Aim of the exercise: Return the run of lines below that opens with the line containing "Belevini 212g/7.4 Oz" and closes with the line containing "Décoration d'Halloween avec", keeping each one exact.

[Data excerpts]
+++

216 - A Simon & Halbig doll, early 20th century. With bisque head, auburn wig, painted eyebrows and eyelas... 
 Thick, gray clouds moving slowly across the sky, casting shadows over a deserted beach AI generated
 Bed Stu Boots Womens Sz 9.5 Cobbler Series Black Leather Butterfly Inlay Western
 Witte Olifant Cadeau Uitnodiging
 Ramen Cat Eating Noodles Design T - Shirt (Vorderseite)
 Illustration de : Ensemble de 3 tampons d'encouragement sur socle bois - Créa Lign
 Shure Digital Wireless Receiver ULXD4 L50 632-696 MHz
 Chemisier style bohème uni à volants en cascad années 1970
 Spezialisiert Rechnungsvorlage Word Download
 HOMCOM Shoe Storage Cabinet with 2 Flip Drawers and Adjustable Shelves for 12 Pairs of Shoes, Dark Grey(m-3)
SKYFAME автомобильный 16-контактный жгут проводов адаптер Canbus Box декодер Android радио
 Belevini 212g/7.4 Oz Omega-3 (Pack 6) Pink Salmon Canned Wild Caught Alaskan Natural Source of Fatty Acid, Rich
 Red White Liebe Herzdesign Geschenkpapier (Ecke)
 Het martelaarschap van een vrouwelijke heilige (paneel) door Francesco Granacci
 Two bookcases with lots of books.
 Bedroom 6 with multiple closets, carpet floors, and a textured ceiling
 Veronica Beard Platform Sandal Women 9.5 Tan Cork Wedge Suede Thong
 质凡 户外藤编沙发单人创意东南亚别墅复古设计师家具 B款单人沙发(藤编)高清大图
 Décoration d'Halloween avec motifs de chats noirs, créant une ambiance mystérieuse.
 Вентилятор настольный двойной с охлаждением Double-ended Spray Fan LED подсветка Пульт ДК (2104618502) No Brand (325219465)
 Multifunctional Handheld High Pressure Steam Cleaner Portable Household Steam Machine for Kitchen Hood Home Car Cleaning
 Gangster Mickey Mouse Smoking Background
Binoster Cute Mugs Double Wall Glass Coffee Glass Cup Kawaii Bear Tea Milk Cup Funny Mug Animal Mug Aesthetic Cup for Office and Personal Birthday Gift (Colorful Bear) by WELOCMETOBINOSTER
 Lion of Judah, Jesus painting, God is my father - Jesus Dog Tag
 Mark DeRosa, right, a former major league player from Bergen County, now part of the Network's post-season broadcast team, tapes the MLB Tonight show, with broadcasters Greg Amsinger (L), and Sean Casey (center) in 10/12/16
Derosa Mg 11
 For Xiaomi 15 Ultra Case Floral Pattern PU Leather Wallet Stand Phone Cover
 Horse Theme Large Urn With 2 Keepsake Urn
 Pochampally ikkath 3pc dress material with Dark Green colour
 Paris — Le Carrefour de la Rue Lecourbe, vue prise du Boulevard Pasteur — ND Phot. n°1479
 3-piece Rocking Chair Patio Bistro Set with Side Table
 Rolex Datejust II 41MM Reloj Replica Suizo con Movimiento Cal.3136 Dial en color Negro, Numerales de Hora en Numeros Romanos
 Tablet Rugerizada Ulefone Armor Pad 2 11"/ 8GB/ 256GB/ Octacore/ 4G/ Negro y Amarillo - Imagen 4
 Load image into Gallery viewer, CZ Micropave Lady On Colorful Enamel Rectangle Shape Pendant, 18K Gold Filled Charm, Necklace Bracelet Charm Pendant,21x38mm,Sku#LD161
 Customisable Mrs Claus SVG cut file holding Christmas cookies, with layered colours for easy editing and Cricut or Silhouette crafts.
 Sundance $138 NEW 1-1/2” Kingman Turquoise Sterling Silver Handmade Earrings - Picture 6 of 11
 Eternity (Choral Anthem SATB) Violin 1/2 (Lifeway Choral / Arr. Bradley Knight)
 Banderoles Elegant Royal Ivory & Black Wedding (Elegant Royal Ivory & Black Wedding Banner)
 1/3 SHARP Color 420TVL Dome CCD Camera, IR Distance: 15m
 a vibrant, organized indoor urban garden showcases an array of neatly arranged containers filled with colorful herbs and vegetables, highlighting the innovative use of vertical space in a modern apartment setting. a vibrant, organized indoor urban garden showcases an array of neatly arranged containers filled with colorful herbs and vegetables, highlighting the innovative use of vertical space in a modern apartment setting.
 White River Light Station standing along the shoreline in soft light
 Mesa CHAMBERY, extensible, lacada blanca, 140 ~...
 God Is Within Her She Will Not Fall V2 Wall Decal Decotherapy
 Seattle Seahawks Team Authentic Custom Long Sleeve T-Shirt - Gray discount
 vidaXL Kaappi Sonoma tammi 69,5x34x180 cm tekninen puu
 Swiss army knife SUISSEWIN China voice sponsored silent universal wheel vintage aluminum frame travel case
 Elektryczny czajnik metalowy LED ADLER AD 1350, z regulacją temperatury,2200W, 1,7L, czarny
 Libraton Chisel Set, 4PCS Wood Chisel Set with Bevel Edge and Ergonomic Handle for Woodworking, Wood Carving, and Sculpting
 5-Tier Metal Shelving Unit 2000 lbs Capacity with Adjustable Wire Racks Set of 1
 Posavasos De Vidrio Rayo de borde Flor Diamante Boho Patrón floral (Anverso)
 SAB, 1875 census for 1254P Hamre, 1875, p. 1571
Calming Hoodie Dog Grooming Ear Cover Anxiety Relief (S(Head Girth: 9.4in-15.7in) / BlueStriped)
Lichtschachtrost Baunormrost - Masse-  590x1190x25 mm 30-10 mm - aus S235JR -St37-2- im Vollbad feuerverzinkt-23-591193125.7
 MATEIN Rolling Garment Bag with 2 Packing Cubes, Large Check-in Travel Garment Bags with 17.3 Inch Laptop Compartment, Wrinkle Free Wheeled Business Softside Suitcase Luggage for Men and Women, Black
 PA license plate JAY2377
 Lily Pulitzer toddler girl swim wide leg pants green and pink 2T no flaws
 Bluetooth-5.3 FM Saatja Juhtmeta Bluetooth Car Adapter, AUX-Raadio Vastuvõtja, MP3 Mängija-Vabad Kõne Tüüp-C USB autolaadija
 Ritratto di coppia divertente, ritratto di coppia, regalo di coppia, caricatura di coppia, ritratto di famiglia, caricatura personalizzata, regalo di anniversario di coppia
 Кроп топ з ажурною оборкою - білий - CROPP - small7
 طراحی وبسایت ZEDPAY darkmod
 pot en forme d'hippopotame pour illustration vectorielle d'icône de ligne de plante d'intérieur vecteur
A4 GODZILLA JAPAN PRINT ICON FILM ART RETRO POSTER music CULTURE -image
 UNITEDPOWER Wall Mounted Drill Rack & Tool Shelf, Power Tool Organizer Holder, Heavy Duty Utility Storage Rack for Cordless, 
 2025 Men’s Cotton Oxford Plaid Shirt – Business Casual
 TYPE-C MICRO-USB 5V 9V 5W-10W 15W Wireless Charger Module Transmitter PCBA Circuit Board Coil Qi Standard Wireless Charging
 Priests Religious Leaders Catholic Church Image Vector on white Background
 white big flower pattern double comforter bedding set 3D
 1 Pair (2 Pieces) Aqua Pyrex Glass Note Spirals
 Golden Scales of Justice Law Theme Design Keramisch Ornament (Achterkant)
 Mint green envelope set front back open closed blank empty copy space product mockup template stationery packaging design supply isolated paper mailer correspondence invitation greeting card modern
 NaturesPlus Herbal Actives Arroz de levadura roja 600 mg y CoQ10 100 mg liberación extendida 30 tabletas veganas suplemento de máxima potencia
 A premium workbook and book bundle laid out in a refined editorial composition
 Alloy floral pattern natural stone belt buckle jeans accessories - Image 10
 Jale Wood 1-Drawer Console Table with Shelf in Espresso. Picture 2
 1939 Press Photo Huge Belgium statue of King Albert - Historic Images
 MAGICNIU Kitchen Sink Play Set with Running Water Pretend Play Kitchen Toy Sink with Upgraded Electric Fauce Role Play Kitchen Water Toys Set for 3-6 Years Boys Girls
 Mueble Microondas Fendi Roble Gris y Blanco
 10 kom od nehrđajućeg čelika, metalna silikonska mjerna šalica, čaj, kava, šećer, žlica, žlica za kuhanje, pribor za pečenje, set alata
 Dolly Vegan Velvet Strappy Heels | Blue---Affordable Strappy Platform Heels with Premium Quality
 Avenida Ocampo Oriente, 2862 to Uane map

+++

Solution to the exercise:
 Belevini 212g/7.4 Oz Omega-3 (Pack 6) Pink Salmon Canned Wild Caught Alaskan Natural Source of Fatty Acid, Rich
 Red White Liebe Herzdesign Geschenkpapier (Ecke)
 Het martelaarschap van een vrouwelijke heilige (paneel) door Francesco Granacci
 Two bookcases with lots of books.
 Bedroom 6 with multiple closets, carpet floors, and a textured ceiling
 Veronica Beard Platform Sandal Women 9.5 Tan Cork Wedge Suede Thong
 质凡 户外藤编沙发单人创意东南亚别墅复古设计师家具 B款单人沙发(藤编)高清大图
 Décoration d'Halloween avec motifs de chats noirs, créant une ambiance mystérieuse.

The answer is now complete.